I have a very interesting collection of 16-17 books about the early history of colonial architecture in America. The information was originally published as monthly monographs in the 1920,s and 1930,s . They were issued under the name White Pine Monograph Series. They were reprinted in the early 1980,s titled Architectural Treasures of Early America. They are a wealth of information,comparison of regional materials,sizes details etc. All of the forwards in the series are written by Roy Underhill.He is known as the guy from the Wood wright Shop however,he was the longstanding House wright of Colonial Williamsburg Va. The place legend says the first brick in America was fired in 1608.


----------



## fjn (Aug 17, 2011)

Here is a connection to that series from Amazon.

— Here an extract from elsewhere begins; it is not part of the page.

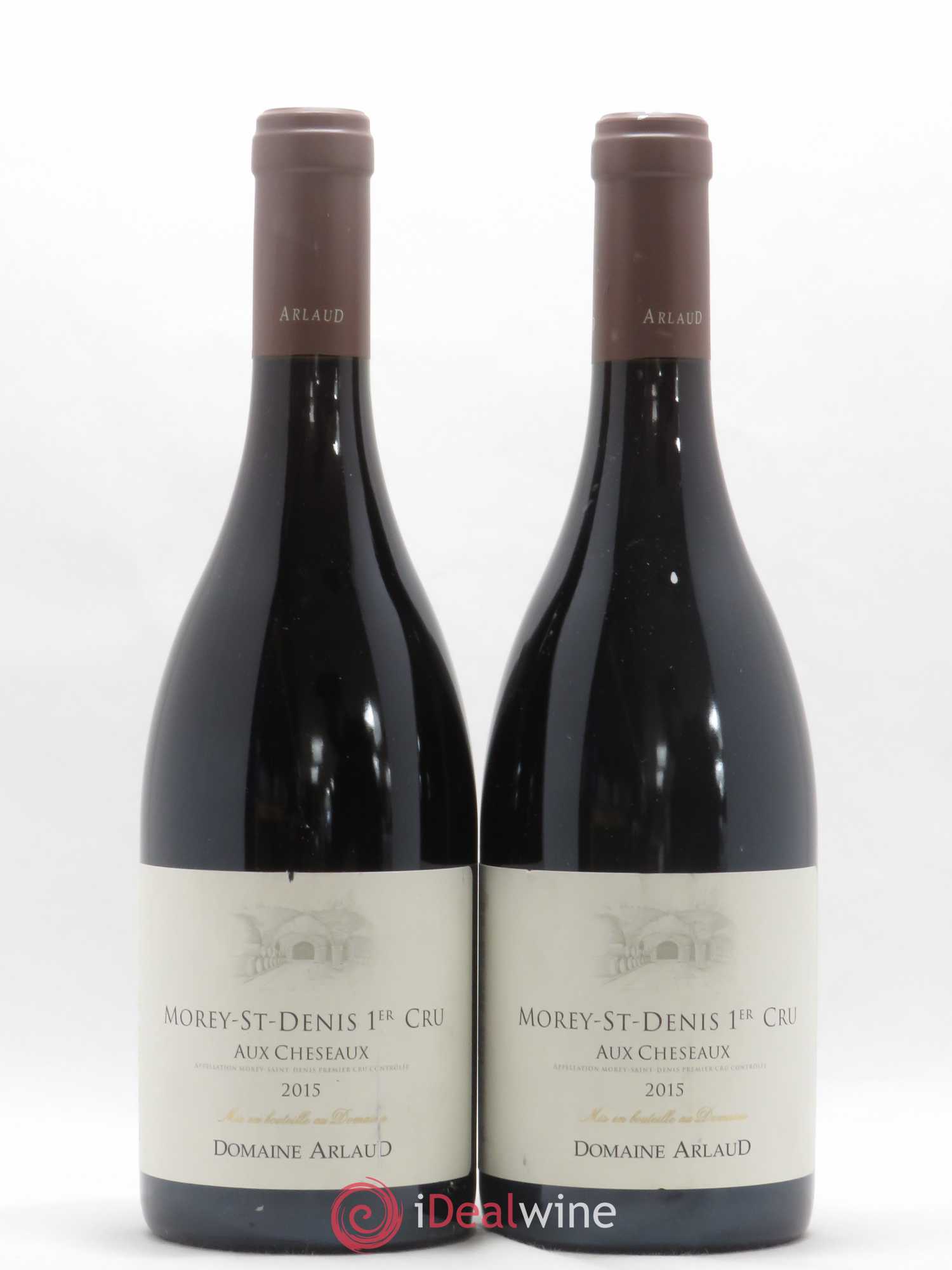 Morey-Saint-Denis 1er Cru Aux Chéseaux Arlaud 2015 - Lot de 2 bouteilles - 0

While they are pricey,IMHO they are worth every penny,especially to anyone interested in early N.American architectural history.

http://www.amazon.com/Architectural...ords=architectural+treasures+of+early+america


----------



## fjn (Aug 17, 2011)

Wow ! Did I get lucky,here is a posting of my favorite preface in that series by Roy Underhill. I could get dangerous if I ever really figured this computer stuff out ! :laughing:



The title of the preface is The Brickmakers Hand.


Enjoy !

http://pennandink.wordpress.com/2010/10/24/the-brickmakers-hand/


----------



## fjn (Aug 17, 2011)

Cannot remember if I ever posted this before,anyway,this is a good companion to the preface by Roy Underhill The Brickmakers Hand.




https://www.youtube.com/watch?v=Jk9Da0BapE0


----------



## Fancis Casini (Jan 31, 2013)

fjn said:


> As far as the heat cracks go Old Va. actually produce their brick in several face "textures". Most of their brick is wood molded however they also own a extruded plant.
> 
> They produce a wood molded brick made to simulate hand molded that applies less pressure filling the mold. That brick does have more heat cracks,perhaps those are the ones your distributor stocked ?
> 
> ...


Well I certainly did get 25,000 of the hand moulded brick. They drove me nuts as we had many seconds .....some cubes were fantasic then some were barely 2 1/8 high....we managed by opening many and mixing and using the cracked ones for cuts.
I designed the house for 8'' per 3 courses ie 2-11/16 to 2-5/8s....and if If I knew the brick were going to run small I would have squeezed them down to fit another course. Another pain in the but is alot of the edges crumble off when striking that final jointing...making for constant wet brushing and rehitting the beds.

As for trowel lines a minimum bed of 3/8 to 1/2 is needed to get a nice line in fact even then the joints are done nearly every brick after first back parging with the trowel tip then lining it....granite is also done like this making for a ultra colonial farmer done look.
I cant seem to get the camera to show the lines without glare-ing the wall and making the joints look hideous :sad...lol

The dining rm were vermont brick and discontinued....a real nice hard regular brick.....I got a link to them but they all seem to be water struck but nice hard brick with a few that look similar to the o v's.

Took a few close up shots for j of the o v's outside, I'll post them later my computer is blinky....here's the link to the one close to the ov's
http://www.vermontbrick.com/products/wfb/woodstkant


----------



## dom-mas (Nov 26, 2011)

Have you seen this movie FJN? If not you'll love it

http://www.youtube.com/watch?v=ErOHuzHgAvM


----------